The SVM classifier was adopted to evaluate the classification accuracy of local connectivity in distinguishing individuals with OCD from HCS, and this step was conducted by the PROBID package running in the Matlab. The SVM approaches have been described in detail elsewhere (Li et al., 2014; Hu et al., 2016) and are briefly summarized here. Individual RS-fMRI images were regarded as points situated in a high-dimensional interspace defined by the ReHo maps in the preprocessed images.
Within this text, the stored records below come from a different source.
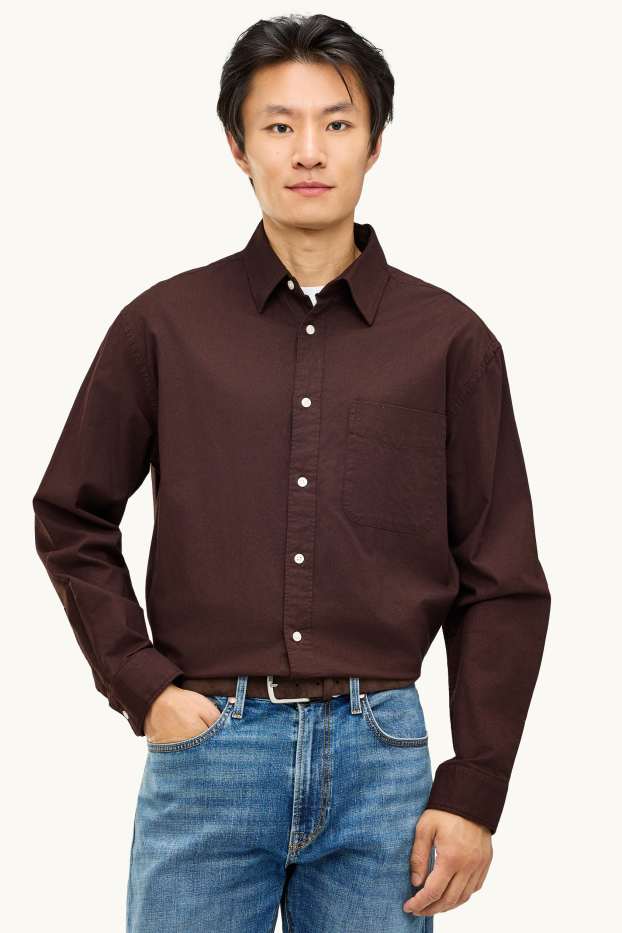 Bărbați - Cămașă - loose fit - guler Kent - maro închis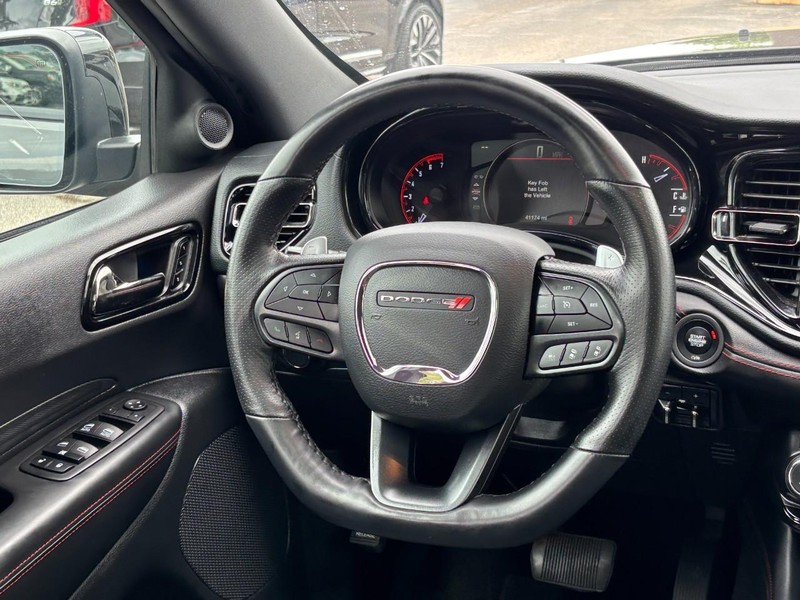 Dodge Durango Vehicle Full-screen Gallery Image 13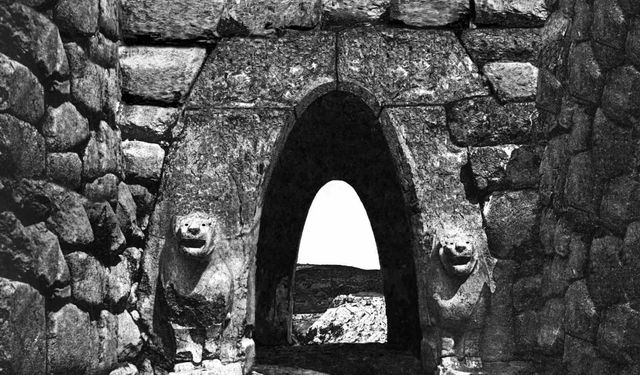 Hattuşa'nın arşiv fotoğrafları geçmişe ışık tutuyor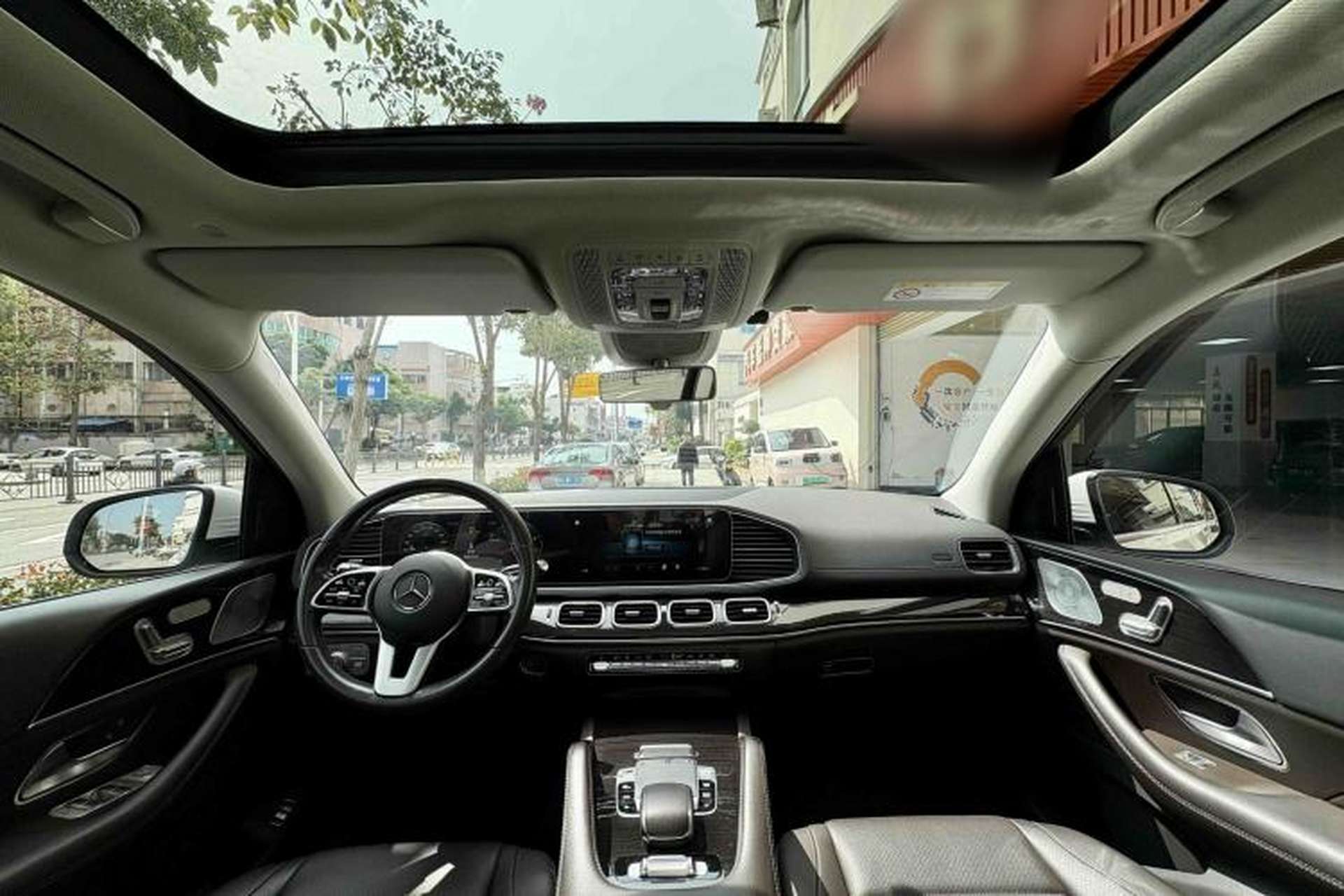 Used Mercedes-Benz GLE 2020 GLE 350 4MATIC Fashion Model Interior 1
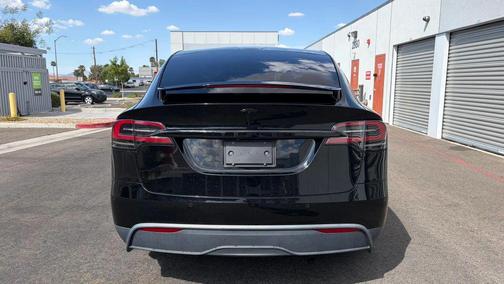 2022 Tesla Model X Dual Motor All-Wheel Drive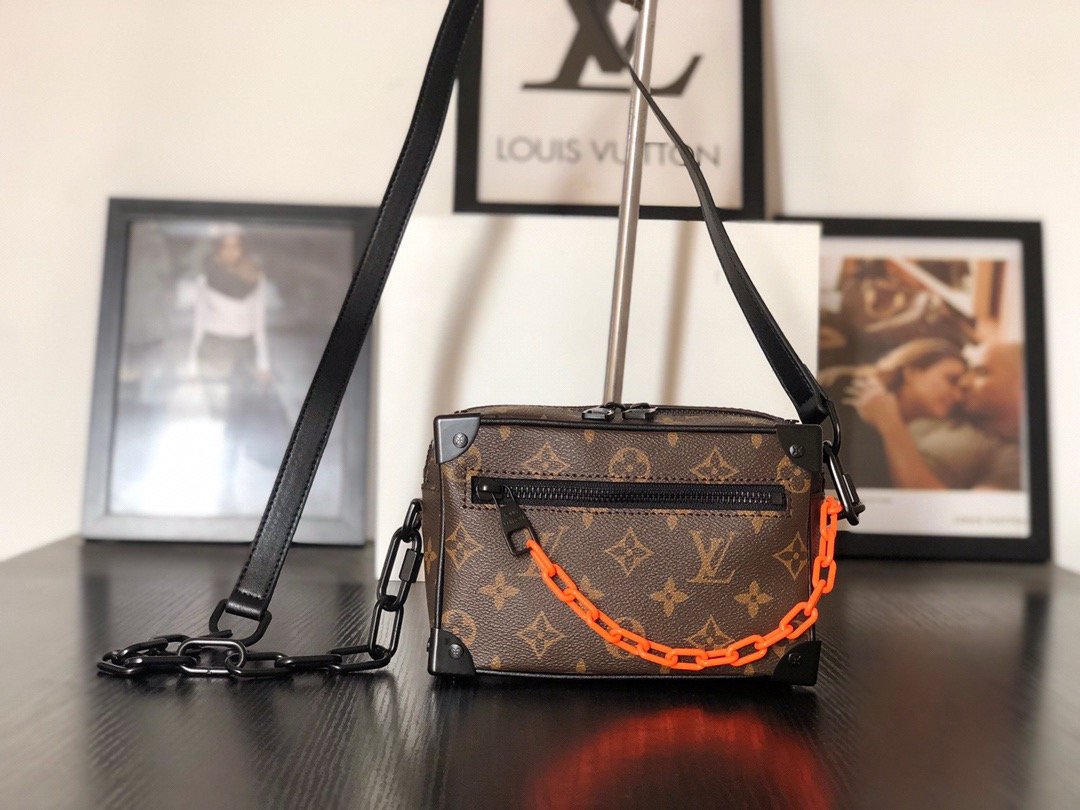 EN - New Arrival Bags LUV 219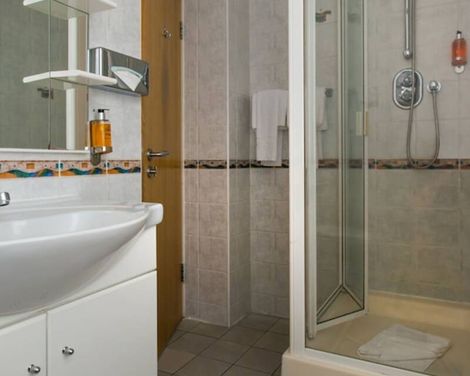 Best Western Buckingham Palace Rd-0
The SVM classifier identified a linear decision boundary to separate individual brain maps in a high-dimensional space based on the category label. The optimized hyperplane was computed on the basis of the whole multivariate pattern of the ReHo map across each RS-fMRI scan. For the purposes of lowering the risk of data overfitting and allowing direct extraction of the weight vector, the linear kernel SVM was applied. Additionally, we utilized a leave-one-out cross-validation (LOOCV) strategy to evaluate the performance of the SVM classifier. This LOOCV approach excluded an independent individual from each group and used the rest of the participants to train the SVM classifier. Then, the excluded subject pair was applied to test the differentiating ability of SVM to reliably discriminate between two sorts. We used a nonparametric test to determine the statistical significance of the general accuracy of discrimination, specifically, the nonparametric test repeated the classification step 1,000 times using permutation test of the labels in the training group and computed the specificity and sensitivity in respect to the true labels. Ultimately, the PROBID software generated the discriminative maps to display the relative contributions of each voxel to the SVM classification decision. We overlaid the voxels with top 30% of the maximum weighted value onto the brain template with high resolution (Mourão-Miranda et al., 2005).

Results

A total of 88 participants with OCD and 88 gender- and age-matched control subjects were employed in the current study. Among them, 54 OCD patients and 54 control subjects were included in a previous analysis (Bu et al., 2019). Table 1 displays the clinical characteristics and demographic information of all the subjects. No significant differences were identified with respect to gender (P = 1.000) and age (P = 0.381) between OCD patients and HCS. The mean (standard deviation) scores of Y-BOCS, HAMD, and HAMA were 21.47 (±5.38), 8.74 (±4.92), and 8.78 (±4.46), respectively. The illness duration of the OCD patient group was 7.32 ± 5.58 years.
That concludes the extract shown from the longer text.